When I was at Glasgow University (1982-1986) I had friends from a number of other institutions, including the Glasgow School of Art.  This was through a set of roundabout connections because I was a member of the Edinburgh Youth Orhcestra (EYO) (plus the National Windband of Scotland (NWoS), the Lothian Schools Orchestra (LSO), the Edinburgh Secondary Schools Orchestra (ESSO) and the Caritas Orchestra (I was busy in those days)) and therefore met a lot of people from other schools in Edinburgh who have turned up periodically thoughout my life since.

Of these, the pupils from the Rudolf Steiner school were often the most interesting and many of them ended up as music and art students in Glasgow when I was there. One of these was a 'cello player (Moria?) and her elder sister, Mary Maclean, who was studing fine arts (mainly painting I think) at the Glasgow School of Art, whom I first met at a party we held at our flat at 42 Bentinck Street.
I didn't drink much in those days (I think it was 1984) and was a sensible sort of chap (overall) and I remember being invited round to the flat they shared in Oban Drive in the West End for innocent past-times such as drinking tea, baking cakes, playing charades and generally having silly conversations.

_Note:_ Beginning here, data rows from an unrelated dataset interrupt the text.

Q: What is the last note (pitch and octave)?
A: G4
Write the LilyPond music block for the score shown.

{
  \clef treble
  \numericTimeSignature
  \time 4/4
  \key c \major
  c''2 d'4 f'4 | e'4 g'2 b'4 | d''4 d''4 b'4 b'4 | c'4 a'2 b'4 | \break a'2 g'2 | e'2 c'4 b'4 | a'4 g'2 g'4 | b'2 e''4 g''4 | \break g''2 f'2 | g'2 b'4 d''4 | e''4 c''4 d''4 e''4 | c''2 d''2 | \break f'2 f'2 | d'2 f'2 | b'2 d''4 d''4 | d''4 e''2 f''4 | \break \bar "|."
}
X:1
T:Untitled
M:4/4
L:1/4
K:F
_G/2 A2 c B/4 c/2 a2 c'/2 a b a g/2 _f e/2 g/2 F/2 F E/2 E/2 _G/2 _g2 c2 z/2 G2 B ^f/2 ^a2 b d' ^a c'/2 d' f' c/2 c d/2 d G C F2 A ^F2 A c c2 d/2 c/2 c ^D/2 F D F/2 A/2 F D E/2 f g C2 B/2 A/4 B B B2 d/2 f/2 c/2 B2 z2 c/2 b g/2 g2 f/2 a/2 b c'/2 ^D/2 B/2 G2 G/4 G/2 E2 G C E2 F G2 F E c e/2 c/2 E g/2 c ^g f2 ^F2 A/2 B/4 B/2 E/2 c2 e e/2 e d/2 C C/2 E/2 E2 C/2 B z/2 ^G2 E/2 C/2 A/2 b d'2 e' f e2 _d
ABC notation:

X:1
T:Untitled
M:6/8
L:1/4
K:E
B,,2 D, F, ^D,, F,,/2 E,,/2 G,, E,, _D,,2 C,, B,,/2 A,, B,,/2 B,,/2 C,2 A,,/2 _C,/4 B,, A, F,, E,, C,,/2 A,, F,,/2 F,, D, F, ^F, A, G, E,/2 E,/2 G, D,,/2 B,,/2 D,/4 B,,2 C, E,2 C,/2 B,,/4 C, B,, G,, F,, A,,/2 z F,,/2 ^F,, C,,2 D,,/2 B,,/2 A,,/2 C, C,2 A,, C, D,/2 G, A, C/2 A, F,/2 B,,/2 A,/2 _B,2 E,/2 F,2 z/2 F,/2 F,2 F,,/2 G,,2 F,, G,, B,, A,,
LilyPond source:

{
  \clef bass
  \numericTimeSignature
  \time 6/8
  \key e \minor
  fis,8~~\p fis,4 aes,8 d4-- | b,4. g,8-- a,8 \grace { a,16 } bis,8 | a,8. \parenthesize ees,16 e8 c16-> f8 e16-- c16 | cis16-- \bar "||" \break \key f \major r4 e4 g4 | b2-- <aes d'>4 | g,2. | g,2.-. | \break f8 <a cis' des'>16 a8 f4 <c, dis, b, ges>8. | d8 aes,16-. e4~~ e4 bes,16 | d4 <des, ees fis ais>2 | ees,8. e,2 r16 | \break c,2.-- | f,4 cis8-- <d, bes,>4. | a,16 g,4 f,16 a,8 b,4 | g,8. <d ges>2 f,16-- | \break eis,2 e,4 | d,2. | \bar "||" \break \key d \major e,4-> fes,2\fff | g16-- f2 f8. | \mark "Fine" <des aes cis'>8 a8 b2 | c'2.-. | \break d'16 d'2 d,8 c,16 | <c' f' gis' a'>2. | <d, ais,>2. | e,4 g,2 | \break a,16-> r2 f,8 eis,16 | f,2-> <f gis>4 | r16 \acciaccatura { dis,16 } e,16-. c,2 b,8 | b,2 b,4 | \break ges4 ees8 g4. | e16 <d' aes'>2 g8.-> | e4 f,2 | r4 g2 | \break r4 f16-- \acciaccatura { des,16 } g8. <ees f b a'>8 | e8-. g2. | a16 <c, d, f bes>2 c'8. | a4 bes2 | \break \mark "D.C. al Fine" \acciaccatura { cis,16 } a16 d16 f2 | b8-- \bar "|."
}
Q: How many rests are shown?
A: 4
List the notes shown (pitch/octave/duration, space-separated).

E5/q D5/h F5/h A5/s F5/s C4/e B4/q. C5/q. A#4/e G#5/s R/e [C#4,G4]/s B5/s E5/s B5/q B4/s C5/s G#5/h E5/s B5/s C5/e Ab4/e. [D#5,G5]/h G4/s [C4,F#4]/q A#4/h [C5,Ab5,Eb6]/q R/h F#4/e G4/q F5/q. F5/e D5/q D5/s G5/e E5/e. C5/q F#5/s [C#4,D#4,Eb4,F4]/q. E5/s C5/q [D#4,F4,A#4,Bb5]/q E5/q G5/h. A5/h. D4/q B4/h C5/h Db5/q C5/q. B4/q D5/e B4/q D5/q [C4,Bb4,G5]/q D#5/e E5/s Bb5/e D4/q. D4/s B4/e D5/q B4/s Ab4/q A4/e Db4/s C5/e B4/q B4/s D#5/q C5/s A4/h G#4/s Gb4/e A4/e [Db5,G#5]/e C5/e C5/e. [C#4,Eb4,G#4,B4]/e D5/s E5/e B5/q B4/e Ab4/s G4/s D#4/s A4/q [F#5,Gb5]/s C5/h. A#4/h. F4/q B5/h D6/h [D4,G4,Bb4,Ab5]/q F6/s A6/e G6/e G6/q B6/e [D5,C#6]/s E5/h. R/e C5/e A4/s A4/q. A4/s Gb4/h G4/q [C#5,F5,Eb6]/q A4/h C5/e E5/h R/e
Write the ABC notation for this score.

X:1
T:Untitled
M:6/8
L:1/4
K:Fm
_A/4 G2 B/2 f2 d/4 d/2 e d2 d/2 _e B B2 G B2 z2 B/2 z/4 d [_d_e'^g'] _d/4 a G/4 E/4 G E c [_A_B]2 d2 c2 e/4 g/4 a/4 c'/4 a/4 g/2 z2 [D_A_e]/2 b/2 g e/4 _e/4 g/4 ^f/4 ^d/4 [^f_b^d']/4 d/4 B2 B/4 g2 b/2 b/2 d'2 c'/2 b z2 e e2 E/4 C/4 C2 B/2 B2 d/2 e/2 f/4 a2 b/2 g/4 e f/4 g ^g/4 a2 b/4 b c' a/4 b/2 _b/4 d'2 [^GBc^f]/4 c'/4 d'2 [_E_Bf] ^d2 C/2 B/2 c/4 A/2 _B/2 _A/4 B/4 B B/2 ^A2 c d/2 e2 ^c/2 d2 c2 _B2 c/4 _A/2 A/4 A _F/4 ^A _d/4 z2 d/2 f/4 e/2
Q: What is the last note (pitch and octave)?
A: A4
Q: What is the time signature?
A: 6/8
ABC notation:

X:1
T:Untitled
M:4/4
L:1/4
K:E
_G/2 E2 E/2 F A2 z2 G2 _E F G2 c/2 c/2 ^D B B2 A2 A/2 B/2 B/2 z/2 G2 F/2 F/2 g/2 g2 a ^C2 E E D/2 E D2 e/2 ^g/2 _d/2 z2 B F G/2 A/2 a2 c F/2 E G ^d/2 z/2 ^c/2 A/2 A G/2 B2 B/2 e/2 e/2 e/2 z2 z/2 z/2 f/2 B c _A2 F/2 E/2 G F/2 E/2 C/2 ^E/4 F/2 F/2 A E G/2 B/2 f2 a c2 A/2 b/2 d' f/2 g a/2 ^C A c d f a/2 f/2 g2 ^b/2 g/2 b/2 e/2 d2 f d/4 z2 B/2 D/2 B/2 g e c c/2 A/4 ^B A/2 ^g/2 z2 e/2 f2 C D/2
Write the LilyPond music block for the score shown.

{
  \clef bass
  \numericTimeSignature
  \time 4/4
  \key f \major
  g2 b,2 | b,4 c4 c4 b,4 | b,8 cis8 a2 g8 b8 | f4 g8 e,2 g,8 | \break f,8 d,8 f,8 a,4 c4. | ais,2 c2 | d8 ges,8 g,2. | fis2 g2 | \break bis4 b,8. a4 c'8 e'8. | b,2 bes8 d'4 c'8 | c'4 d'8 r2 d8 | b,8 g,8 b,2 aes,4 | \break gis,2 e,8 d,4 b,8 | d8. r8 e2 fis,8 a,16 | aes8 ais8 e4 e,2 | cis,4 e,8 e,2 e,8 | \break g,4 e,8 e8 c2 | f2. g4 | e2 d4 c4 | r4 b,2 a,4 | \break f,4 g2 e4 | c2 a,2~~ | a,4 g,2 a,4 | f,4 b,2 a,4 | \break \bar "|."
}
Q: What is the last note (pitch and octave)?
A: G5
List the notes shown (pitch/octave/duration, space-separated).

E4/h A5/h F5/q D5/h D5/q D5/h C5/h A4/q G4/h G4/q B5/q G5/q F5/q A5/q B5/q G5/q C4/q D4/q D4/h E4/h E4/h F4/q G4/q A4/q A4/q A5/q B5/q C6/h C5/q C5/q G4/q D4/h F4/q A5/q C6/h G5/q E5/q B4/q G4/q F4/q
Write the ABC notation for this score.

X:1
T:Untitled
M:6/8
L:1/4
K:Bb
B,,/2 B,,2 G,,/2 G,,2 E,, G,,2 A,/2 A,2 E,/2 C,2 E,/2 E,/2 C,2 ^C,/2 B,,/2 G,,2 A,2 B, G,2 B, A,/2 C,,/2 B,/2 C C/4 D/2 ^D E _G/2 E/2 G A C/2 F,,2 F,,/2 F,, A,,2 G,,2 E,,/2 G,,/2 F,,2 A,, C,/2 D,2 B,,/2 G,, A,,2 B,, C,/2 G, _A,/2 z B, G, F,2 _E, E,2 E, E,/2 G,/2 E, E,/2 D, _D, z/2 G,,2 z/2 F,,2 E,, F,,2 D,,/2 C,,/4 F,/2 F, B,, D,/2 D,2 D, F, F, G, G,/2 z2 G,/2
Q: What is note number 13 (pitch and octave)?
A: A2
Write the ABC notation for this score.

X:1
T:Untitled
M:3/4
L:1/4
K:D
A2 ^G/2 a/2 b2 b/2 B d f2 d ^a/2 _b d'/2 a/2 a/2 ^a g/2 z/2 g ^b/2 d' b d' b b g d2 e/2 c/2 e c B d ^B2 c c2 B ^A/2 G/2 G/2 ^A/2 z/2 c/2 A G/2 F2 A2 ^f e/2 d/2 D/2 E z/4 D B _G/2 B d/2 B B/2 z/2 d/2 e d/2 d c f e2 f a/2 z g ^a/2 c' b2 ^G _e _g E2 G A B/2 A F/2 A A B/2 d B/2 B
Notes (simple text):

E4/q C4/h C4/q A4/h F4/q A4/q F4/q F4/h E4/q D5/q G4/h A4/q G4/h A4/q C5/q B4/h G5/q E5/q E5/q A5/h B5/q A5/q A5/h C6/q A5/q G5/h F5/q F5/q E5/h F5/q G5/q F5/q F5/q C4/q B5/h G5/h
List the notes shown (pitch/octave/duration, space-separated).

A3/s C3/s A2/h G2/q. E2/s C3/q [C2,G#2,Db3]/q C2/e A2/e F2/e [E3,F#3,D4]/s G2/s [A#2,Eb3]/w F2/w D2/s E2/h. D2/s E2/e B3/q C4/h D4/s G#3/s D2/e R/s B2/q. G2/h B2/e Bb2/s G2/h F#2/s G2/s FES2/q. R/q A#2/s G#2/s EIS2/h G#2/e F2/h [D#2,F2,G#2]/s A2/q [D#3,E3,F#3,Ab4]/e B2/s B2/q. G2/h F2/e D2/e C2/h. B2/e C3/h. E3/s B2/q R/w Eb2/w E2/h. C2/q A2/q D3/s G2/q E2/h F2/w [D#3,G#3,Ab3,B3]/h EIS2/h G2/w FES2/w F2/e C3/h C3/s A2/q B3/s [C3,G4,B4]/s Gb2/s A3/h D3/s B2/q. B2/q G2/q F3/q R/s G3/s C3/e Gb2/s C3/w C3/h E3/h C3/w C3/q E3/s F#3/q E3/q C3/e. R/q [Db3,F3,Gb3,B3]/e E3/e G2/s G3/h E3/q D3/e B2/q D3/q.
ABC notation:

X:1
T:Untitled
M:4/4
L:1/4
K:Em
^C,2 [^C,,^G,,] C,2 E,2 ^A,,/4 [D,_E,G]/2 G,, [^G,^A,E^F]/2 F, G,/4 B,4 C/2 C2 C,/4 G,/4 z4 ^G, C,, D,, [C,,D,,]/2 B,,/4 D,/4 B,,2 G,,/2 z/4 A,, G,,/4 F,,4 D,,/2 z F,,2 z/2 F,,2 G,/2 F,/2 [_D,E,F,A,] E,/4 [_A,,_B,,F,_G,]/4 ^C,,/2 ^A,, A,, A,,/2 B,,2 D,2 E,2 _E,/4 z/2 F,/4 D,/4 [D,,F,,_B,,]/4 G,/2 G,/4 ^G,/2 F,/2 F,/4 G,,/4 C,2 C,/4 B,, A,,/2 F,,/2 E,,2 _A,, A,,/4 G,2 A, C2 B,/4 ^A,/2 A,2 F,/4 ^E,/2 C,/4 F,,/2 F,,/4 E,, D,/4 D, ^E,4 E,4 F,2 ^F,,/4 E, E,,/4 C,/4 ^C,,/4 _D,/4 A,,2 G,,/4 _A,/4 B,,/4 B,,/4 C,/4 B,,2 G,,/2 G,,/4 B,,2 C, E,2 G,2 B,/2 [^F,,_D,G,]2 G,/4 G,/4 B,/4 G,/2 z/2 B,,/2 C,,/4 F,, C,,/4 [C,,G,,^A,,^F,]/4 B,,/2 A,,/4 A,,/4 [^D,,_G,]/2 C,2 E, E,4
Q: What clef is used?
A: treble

I suppose I had lived in a relatively narrow, circumscribed and studious world until then (and for quite a while thereafter) and it was interesting to be introduced to things that I didn't really know anything about such as art, old Edith Piaf LPs, tinned lychees and the revelation that the Macleans' mother had allegedly been in the Hitler Youth before emigrating to Scotland.

Oban Drive is just round the corner from Fergus Drive where my good friend Kenny lived for a while thereafter (hello Kenny!) and I remember that they used to get letters from a friend in Morningside addressed to "Oh-ban-the-bomb Drive".

Anyway, I liked Mary's art and as she was a final year student by then she was selling some of her pictures and I gladly paid £40 for one of them.  It doesn't have a title, that I am aware of, but it is a large canvas (130 x 170cm) depicting two people sitting in a cafe in Amsterdam and is based on the pastel sketch above, which she let me have as a bonus.
It hangs proudly on the wall of my sitting room and although it is not the most beautiful painting in Scotland (or possibly even the most finished) it sits well against the warm yellow walls and brown furniture (chosen in a way to compliment the painting, not the other way around, as is often the case, these days) and looks interesting, often stimulates conversation, and is in fact the only painting I own - at the time I had thought to buy other pictures from Mary but I was worried what my mother would say about the reclining nude I was considering.

It's funny, I was writing this blog piece and found myself wondering where Mary had got to since I last saw her c.1984.  And, just this very minute, by the power of the internet, I have found her here.